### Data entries
-- Opening Marker --

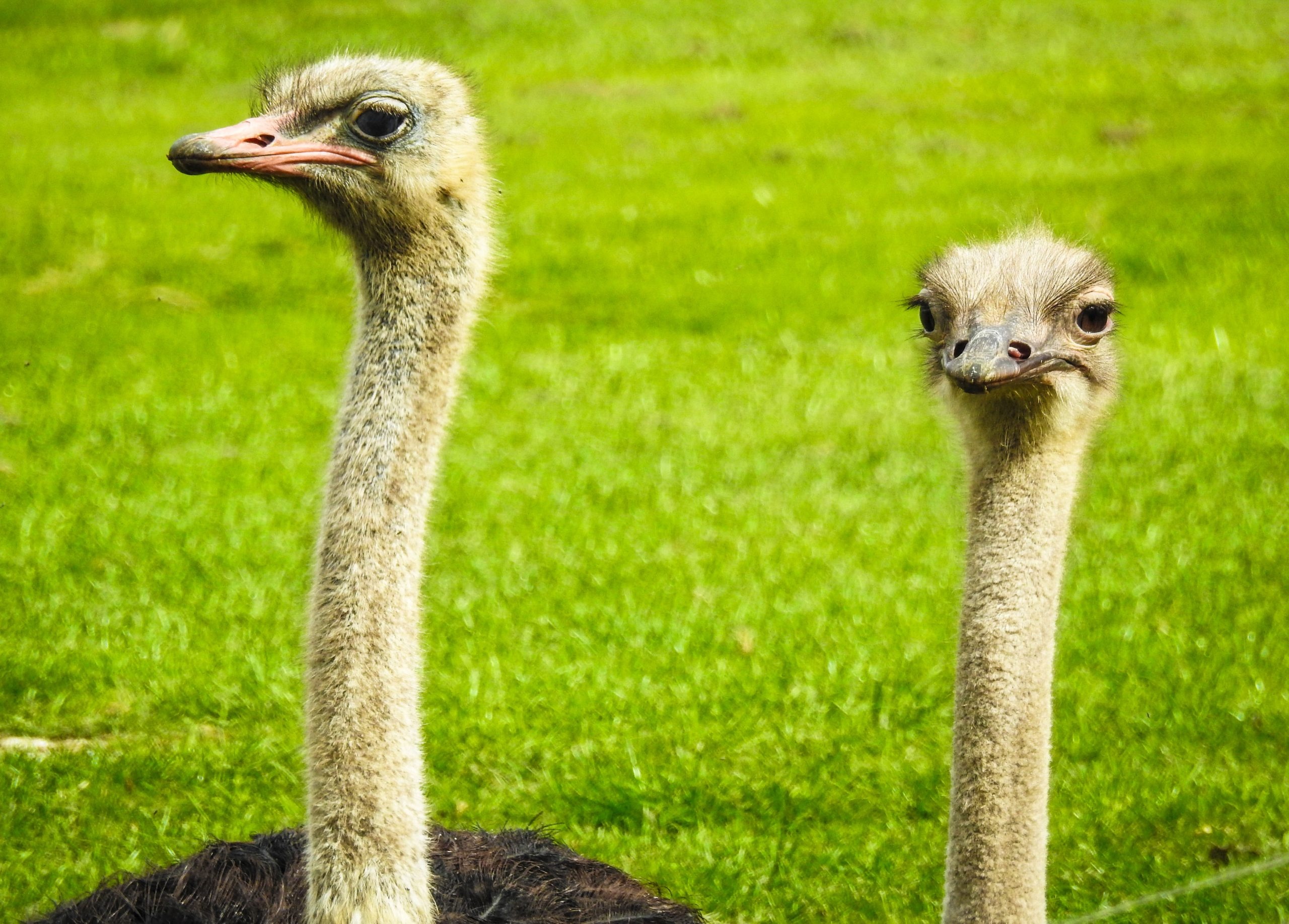 Couple, Ostrich Wallpaper, 2560x1840 HD Desktop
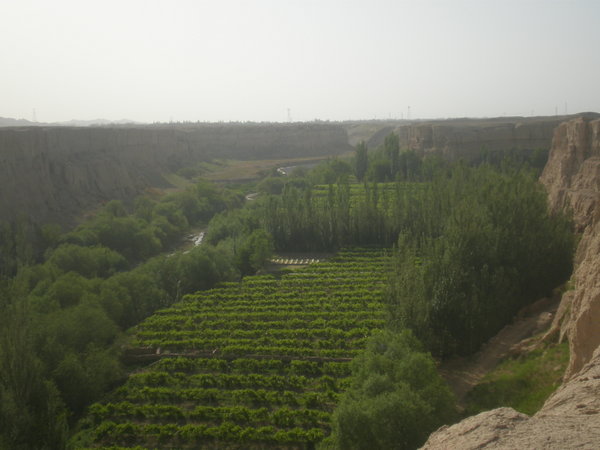 View of oasis from Jiaohe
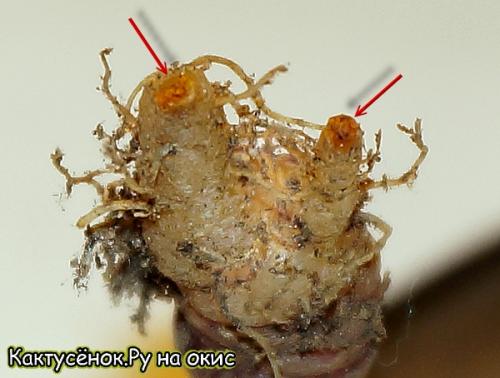 Кактус гниет сверху. Как спасти загнивший кактус?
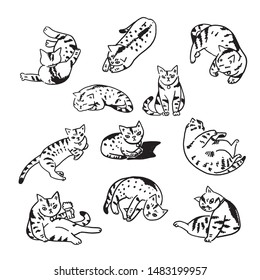 vector set lovely cat. line drawing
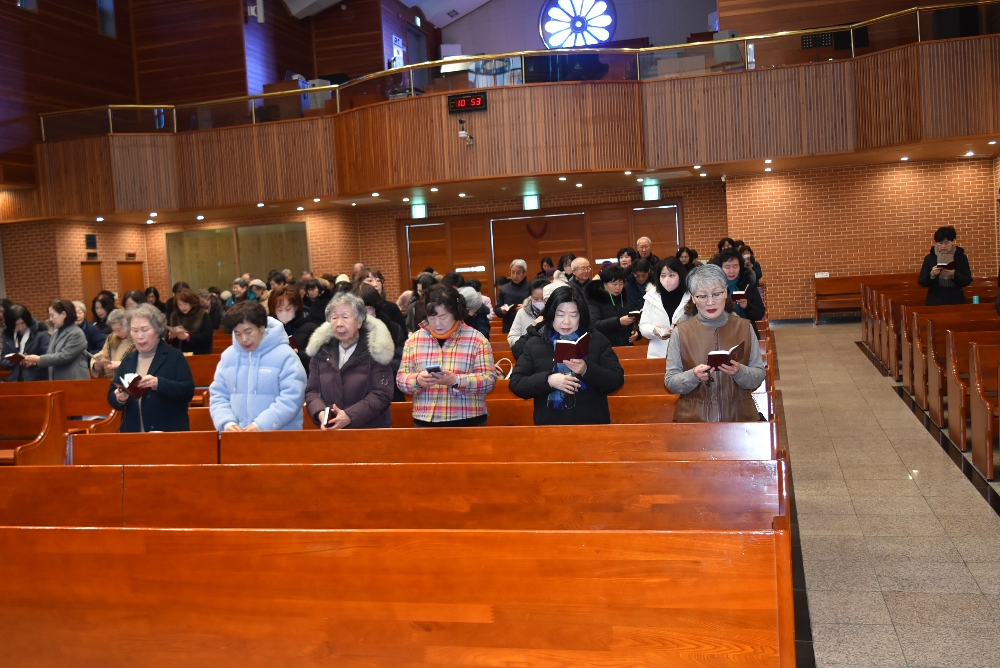 1000-DSC_9346.JPG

-- Closing Marker --

### THE PROBLEM
The required output is every line from the one containing "View of oasis from Jiaohe" through the last line of the data above, restated exactly and without pictures.

### REPLY TO THE TASK
 View of oasis from Jiaohe
 Кактус гниет сверху. Как спасти загнивший кактус?
 vector set lovely cat. line drawing
 1000-DSC_9346.JPG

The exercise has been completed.